Georgette dominates the opening looks. Mini dresses and bustiers bonded to crinolines take on architectonic shapes, printed and finished with rose-and-thorn motifs and metal hardware shaped into lions, masks, and roses. The same motifs extend across fluid georgette dresses in long and short lengths, offered in three color variations. A crinoline-bonded georgette dress carries thread-embroidered micro-roses, echoed in slip and long dresses that also appear in leopard print.
Poet dresses arrive in structured crepon with Chantilly lace inserts, layered with integrated shoulder capes. Taffeta halter dresses, skirts, shirts, and a full skirt covered in three-dimensional roses suggest Venetian ballrooms through volume and surface. Chantilly lace dresses, skirts, and blouses paired with crêpe de chine plissé inserts introduce an intimate, boudoir-like tension. Embroidered lace dresses and blouses cut at the center expose the body with deliberate precision.

Hourglass mini dresses and lace-trimmed duchess silk skirts emphasize the waist. Jersey dresses and tops rely on draping, including a long hooded gown with trumpet sleeves and marabou trim. Leopard-print slips appear layered with lace and tulle, enriched by crystal embroidery. Puff-sleeved cadi mini dresses feature thread-embroidered bow or rose cut-outs, while cadi coats, skirts, shorts, and dresses move easily between private and public settings.
Wool jackets follow hourglass lines, including a double-breasted style detailed with plissé roses at the lapel and a cropped jacket shaped by cocoon sleeves. Cargo trousers, oversized tailoring, and a narrow silhouette that extends over the heel expand the range. Poplin shirts with plissé bow cuffs recall eighteenth-century Venetian dress codes. Outerwear introduces a controlled masculinity through capes, pea coats, and long coats with boned backs and shearling belts. Harlequin-patterned shearling capes and jackets reference Commedia dell’Arte, echoed again through argyle knits embellished with sequins.

Alpaca and wool capes and coats translate the rose motif into jacquard. Ruffled cardigans with marabou trims feature detachable sleeves and trumpet cuffs. Llama wool cardigans, dresses, and T-shirts build ruffled volume, while braid-knit viscose pieces shape peplum forms. Ribbed viscose knits carry fringed rose-leaf details, and T-shirts display baby lion graphics as a direct nod to Venice.

Gabardine capes, trenches, jackets, and cargo pieces rely on saturated dyes.
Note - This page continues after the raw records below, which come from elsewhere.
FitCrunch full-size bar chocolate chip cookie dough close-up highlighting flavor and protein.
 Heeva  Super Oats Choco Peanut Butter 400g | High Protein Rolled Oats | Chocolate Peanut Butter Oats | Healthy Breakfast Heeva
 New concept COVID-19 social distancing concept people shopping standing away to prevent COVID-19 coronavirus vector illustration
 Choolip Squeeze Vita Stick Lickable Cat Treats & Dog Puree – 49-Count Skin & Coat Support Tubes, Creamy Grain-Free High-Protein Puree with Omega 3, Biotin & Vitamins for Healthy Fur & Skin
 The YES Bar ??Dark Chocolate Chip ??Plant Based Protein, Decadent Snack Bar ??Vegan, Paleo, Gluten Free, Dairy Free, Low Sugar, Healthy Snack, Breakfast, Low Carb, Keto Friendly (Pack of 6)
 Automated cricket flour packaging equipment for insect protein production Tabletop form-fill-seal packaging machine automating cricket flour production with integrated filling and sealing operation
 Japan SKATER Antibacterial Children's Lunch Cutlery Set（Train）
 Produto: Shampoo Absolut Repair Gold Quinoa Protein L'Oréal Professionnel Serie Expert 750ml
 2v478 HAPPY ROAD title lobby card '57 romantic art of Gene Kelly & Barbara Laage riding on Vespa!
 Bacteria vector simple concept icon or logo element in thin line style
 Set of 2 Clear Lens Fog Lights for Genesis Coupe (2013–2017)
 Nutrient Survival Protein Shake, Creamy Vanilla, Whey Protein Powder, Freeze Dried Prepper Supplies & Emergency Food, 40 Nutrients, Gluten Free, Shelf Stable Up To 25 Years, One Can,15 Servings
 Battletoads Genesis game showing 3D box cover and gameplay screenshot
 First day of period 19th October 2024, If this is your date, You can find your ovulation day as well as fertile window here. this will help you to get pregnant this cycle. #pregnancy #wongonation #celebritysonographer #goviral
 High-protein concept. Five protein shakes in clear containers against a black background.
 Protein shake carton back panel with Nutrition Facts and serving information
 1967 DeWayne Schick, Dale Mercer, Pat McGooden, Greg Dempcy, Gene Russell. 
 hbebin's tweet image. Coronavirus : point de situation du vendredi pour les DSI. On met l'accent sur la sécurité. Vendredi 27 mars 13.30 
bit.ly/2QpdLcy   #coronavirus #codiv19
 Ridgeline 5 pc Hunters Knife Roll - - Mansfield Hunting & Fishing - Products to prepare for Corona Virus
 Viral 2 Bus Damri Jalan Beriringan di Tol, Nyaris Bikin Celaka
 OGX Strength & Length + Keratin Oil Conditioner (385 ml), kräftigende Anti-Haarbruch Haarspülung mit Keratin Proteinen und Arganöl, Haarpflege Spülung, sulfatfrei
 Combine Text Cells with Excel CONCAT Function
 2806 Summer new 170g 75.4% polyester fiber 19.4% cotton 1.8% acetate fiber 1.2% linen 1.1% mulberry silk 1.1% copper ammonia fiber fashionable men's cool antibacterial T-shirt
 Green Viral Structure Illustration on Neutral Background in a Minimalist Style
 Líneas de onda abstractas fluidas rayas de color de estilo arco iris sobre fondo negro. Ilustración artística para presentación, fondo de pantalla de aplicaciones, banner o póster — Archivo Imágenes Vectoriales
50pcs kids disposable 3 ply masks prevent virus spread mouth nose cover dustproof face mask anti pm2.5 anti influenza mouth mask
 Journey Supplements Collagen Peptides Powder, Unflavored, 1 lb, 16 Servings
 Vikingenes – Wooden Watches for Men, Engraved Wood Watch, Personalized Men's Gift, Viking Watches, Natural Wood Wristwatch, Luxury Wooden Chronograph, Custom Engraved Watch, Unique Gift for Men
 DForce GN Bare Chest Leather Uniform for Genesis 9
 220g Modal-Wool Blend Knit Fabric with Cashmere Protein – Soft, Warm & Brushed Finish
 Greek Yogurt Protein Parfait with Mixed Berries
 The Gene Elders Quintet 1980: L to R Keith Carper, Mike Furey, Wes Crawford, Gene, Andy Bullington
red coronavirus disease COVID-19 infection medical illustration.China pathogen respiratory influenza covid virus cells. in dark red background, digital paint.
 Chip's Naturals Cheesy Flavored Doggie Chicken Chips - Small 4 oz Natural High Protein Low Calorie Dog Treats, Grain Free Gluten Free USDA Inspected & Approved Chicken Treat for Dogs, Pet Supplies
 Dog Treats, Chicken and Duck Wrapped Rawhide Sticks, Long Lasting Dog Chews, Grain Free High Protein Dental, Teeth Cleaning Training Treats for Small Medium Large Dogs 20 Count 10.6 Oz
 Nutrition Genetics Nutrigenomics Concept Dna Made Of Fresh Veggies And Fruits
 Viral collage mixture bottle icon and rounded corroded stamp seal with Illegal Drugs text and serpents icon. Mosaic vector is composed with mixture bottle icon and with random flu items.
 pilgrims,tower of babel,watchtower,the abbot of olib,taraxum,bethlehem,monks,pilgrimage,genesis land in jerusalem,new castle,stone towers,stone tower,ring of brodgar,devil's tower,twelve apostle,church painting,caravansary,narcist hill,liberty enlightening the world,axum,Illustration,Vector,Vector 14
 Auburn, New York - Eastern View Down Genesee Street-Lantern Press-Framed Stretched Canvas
Black denim receives metallic sprays, dark blue denim uses lace-print trompe l’oeil effects, and light blue denim features embroidered rose cut-outs. Sequined macro roses and micro rose embroidery reappear across trousers, dresses, and skirts, often extended with plissé lace panels that alter proportion.
Accessories complete the vision. Satin and patent leather stilettos arch the foot to heighten fetishistic tension. Metal jewelry carries winged lions, crosses, bridges, and masks. Butterfly masks and mask-like sunglasses return to the iconography of Venice and the Blumarine emblem, sealing the collection in controlled excess and nocturnal desire.